» PROBLEM TO SOLVE
Only one span of the listing below is wanted: the lines from the one with "Women's Maxi Dress" through the one with "FMK abstract technology", reproduced exactly, both ends kept.

» DATA SUPPLIED
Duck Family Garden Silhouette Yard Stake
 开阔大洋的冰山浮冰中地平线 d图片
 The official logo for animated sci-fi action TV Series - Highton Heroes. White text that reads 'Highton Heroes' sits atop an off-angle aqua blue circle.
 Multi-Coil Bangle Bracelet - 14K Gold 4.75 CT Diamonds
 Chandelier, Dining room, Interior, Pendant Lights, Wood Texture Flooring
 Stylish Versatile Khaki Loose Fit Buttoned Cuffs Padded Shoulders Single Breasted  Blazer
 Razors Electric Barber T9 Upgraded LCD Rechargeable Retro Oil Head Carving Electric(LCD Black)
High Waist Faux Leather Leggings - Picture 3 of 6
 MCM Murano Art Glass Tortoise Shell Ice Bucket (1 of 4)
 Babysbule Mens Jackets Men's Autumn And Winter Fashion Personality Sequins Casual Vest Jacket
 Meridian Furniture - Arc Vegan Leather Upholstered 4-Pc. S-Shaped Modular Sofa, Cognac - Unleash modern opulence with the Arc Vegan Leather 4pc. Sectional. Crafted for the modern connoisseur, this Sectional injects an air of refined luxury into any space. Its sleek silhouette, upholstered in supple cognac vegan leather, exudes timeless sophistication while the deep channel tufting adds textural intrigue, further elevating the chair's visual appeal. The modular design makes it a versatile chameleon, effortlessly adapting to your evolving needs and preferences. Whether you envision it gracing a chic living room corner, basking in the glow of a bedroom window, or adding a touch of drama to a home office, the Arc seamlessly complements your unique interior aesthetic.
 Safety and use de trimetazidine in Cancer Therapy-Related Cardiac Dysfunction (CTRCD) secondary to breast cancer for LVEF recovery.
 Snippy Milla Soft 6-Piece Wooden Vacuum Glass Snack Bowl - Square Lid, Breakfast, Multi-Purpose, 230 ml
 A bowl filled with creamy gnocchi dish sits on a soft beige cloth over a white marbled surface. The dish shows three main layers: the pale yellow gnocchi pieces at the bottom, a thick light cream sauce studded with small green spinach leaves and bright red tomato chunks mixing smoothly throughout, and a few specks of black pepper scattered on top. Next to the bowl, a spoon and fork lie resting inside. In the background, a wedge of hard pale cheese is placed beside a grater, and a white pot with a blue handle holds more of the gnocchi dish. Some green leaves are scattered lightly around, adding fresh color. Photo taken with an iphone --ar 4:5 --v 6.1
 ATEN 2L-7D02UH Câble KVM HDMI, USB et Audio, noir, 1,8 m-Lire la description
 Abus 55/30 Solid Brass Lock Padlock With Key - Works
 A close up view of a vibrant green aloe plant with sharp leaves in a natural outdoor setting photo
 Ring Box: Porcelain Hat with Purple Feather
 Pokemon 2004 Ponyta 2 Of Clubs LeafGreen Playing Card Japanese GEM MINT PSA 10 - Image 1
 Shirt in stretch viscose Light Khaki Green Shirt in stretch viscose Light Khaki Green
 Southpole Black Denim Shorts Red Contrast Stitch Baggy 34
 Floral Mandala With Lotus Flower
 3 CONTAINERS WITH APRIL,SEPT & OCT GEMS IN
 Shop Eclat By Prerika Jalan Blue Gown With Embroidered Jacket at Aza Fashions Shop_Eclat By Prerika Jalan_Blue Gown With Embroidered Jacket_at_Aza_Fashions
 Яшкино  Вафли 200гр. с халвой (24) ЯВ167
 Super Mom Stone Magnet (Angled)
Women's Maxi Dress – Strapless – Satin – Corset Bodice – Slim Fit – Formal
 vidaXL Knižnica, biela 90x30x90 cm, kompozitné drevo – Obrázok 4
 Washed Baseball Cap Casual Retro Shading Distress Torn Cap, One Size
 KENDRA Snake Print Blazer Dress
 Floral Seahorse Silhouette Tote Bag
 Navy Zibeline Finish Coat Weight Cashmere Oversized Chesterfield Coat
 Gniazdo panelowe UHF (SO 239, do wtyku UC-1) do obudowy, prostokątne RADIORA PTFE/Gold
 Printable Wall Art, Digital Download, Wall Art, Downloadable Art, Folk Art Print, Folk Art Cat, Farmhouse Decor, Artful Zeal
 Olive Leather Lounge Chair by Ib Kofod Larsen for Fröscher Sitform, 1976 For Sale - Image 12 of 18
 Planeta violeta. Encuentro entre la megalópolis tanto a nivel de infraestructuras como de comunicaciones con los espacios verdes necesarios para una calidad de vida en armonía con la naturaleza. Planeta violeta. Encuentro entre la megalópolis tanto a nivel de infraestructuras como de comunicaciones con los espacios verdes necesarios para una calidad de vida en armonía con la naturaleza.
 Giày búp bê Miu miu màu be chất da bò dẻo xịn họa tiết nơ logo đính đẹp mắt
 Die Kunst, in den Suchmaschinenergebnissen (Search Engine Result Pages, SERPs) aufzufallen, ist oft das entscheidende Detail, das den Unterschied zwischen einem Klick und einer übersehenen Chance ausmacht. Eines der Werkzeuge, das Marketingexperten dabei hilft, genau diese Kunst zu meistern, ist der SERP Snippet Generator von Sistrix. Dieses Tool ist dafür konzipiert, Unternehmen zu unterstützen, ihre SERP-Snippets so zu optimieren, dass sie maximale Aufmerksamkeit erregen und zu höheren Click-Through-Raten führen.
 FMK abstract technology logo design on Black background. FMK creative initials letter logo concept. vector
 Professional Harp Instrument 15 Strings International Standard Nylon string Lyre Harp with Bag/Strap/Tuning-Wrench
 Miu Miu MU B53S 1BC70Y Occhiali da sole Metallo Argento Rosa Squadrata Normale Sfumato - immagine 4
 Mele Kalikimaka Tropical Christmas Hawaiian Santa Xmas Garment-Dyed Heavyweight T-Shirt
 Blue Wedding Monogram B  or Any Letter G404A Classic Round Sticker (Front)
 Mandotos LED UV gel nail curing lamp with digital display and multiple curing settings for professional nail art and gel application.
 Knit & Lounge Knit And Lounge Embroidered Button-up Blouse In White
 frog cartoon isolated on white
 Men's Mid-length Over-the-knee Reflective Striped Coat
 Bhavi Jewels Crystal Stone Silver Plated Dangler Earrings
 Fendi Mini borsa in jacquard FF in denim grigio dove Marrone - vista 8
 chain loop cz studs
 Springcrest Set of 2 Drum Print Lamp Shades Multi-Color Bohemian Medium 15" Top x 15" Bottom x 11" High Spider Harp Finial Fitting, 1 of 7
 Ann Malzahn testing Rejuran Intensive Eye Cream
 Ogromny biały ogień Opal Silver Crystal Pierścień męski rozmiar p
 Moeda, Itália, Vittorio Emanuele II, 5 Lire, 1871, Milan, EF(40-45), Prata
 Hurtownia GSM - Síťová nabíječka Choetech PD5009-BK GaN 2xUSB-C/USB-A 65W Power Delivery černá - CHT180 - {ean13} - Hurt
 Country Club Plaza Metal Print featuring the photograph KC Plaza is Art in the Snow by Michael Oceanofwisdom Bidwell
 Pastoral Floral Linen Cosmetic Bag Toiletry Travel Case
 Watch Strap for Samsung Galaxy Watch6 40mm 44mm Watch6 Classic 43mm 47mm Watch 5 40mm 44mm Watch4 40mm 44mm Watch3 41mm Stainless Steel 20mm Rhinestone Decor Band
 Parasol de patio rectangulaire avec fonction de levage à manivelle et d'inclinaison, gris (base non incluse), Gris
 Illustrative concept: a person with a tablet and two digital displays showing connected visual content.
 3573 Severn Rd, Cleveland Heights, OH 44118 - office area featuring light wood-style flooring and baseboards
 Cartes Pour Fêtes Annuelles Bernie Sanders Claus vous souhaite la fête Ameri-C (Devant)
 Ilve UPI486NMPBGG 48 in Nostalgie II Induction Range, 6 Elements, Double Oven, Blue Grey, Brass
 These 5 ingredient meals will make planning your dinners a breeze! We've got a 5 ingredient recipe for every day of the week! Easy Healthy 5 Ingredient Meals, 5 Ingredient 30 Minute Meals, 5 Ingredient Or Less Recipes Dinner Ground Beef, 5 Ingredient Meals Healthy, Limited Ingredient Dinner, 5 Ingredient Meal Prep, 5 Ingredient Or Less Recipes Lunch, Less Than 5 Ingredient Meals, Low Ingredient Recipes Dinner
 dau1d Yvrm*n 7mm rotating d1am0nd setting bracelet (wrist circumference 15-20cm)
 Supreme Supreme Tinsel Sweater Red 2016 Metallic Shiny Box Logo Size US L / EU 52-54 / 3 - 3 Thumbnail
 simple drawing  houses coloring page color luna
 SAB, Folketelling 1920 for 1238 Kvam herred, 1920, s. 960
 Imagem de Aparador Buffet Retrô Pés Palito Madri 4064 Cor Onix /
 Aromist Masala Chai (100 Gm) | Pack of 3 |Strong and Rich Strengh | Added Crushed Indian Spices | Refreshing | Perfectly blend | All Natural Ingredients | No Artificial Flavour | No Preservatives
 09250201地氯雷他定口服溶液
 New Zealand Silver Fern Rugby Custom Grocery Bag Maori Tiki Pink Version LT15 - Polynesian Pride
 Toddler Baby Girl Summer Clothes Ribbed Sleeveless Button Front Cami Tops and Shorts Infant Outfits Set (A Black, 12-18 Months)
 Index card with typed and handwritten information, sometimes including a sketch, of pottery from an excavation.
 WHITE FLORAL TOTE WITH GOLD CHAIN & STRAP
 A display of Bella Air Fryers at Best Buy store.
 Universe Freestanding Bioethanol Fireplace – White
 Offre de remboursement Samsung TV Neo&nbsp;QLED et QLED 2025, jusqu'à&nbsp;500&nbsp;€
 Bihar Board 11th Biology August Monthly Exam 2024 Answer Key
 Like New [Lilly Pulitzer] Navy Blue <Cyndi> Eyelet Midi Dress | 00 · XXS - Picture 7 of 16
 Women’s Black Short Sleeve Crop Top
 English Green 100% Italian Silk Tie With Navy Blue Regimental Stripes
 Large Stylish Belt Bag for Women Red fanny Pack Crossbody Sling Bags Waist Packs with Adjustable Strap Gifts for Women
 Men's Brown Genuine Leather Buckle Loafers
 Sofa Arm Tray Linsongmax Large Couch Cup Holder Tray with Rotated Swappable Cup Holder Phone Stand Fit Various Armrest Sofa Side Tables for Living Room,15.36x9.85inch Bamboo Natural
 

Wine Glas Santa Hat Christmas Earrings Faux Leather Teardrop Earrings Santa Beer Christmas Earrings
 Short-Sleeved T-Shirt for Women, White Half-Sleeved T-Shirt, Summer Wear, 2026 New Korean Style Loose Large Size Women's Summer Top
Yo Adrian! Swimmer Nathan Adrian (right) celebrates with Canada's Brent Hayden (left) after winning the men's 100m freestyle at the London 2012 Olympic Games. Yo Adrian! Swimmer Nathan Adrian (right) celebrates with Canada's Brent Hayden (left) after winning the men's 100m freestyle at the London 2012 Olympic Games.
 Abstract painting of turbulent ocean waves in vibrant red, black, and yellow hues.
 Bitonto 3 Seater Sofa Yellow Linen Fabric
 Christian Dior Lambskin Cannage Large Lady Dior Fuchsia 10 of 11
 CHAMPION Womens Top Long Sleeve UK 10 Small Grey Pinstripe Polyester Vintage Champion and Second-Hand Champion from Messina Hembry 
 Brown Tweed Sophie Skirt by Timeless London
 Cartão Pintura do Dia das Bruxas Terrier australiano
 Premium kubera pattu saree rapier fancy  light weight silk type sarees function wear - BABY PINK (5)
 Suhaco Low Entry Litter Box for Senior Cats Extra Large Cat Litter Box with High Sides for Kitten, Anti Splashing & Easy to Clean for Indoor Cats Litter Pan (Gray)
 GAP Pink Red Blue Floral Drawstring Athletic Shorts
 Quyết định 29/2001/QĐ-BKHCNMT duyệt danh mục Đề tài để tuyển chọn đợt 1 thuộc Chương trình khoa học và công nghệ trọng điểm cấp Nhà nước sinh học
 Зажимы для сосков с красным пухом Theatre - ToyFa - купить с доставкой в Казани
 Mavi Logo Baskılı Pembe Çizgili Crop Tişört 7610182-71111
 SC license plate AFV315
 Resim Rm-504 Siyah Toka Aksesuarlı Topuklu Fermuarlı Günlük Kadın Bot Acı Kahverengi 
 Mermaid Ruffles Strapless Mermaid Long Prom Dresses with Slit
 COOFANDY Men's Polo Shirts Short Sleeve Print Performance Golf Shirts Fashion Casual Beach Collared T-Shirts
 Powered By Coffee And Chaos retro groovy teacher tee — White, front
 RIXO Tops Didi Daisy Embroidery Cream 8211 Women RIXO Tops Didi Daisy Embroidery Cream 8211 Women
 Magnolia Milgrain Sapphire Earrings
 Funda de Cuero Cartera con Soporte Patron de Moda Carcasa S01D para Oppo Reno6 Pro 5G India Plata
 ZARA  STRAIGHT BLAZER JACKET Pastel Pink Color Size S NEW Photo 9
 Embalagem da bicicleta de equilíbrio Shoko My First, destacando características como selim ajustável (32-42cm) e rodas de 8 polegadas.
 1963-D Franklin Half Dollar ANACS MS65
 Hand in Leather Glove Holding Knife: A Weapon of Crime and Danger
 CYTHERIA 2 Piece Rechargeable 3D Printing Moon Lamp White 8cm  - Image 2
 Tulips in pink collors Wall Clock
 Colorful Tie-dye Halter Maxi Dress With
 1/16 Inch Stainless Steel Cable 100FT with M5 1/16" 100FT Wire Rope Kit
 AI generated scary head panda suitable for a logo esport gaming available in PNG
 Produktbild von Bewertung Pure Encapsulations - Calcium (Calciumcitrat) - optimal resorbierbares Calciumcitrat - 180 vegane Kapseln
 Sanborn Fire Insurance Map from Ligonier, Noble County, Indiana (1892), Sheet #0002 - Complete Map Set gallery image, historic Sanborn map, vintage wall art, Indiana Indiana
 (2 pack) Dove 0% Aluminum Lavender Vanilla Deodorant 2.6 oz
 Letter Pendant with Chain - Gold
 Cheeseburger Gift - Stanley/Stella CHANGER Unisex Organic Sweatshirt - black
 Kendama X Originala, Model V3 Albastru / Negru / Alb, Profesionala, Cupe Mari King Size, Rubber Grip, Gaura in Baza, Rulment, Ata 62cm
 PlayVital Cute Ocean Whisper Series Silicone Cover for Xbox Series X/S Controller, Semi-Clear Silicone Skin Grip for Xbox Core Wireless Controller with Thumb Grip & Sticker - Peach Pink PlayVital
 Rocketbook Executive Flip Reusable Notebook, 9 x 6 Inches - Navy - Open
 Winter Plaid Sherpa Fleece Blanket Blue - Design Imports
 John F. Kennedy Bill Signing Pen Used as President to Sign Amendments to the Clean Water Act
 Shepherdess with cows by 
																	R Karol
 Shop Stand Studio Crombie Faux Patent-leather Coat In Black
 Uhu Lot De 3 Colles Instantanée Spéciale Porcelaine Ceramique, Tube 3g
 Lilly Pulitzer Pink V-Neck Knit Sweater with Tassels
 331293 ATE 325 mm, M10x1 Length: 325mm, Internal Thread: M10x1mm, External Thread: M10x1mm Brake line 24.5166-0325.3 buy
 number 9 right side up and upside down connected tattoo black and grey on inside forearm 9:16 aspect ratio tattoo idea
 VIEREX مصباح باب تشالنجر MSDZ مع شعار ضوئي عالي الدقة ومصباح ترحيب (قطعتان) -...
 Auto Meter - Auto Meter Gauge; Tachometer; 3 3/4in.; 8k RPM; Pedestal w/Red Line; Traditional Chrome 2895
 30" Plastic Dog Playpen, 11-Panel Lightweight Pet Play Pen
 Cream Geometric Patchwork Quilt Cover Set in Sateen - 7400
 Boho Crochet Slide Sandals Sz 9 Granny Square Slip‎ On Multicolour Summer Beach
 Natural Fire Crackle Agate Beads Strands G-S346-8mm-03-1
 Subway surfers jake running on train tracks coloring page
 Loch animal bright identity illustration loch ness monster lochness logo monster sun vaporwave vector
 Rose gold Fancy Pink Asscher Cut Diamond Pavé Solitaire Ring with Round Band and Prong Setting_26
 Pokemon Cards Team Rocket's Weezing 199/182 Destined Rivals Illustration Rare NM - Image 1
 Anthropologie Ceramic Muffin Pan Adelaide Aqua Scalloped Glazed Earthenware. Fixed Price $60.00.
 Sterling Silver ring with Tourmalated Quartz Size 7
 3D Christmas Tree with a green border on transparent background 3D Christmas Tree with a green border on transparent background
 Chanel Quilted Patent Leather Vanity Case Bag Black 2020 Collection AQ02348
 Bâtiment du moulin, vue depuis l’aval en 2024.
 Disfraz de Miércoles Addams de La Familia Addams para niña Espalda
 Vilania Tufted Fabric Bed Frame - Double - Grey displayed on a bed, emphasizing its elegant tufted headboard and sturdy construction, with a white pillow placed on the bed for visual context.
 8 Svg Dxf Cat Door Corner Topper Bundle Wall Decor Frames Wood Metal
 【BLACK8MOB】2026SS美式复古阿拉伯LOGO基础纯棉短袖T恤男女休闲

» TASK OUTPUT
Women's Maxi Dress – Strapless – Satin – Corset Bodice – Slim Fit – Formal
 vidaXL Knižnica, biela 90x30x90 cm, kompozitné drevo – Obrázok 4
 Washed Baseball Cap Casual Retro Shading Distress Torn Cap, One Size
 KENDRA Snake Print Blazer Dress
 Floral Seahorse Silhouette Tote Bag
 Navy Zibeline Finish Coat Weight Cashmere Oversized Chesterfield Coat
 Gniazdo panelowe UHF (SO 239, do wtyku UC-1) do obudowy, prostokątne RADIORA PTFE/Gold
 Printable Wall Art, Digital Download, Wall Art, Downloadable Art, Folk Art Print, Folk Art Cat, Farmhouse Decor, Artful Zeal
 Olive Leather Lounge Chair by Ib Kofod Larsen for Fröscher Sitform, 1976 For Sale - Image 12 of 18
 Planeta violeta. Encuentro entre la megalópolis tanto a nivel de infraestructuras como de comunicaciones con los espacios verdes necesarios para una calidad de vida en armonía con la naturaleza. Planeta violeta. Encuentro entre la megalópolis tanto a nivel de infraestructuras como de comunicaciones con los espacios verdes necesarios para una calidad de vida en armonía con la naturaleza.
 Giày búp bê Miu miu màu be chất da bò dẻo xịn họa tiết nơ logo đính đẹp mắt
 Die Kunst, in den Suchmaschinenergebnissen (Search Engine Result Pages, SERPs) aufzufallen, ist oft das entscheidende Detail, das den Unterschied zwischen einem Klick und einer übersehenen Chance ausmacht. Eines der Werkzeuge, das Marketingexperten dabei hilft, genau diese Kunst zu meistern, ist der SERP Snippet Generator von Sistrix. Dieses Tool ist dafür konzipiert, Unternehmen zu unterstützen, ihre SERP-Snippets so zu optimieren, dass sie maximale Aufmerksamkeit erregen und zu höheren Click-Through-Raten führen.
 FMK abstract technology logo design on Black background. FMK creative initials letter logo concept. vector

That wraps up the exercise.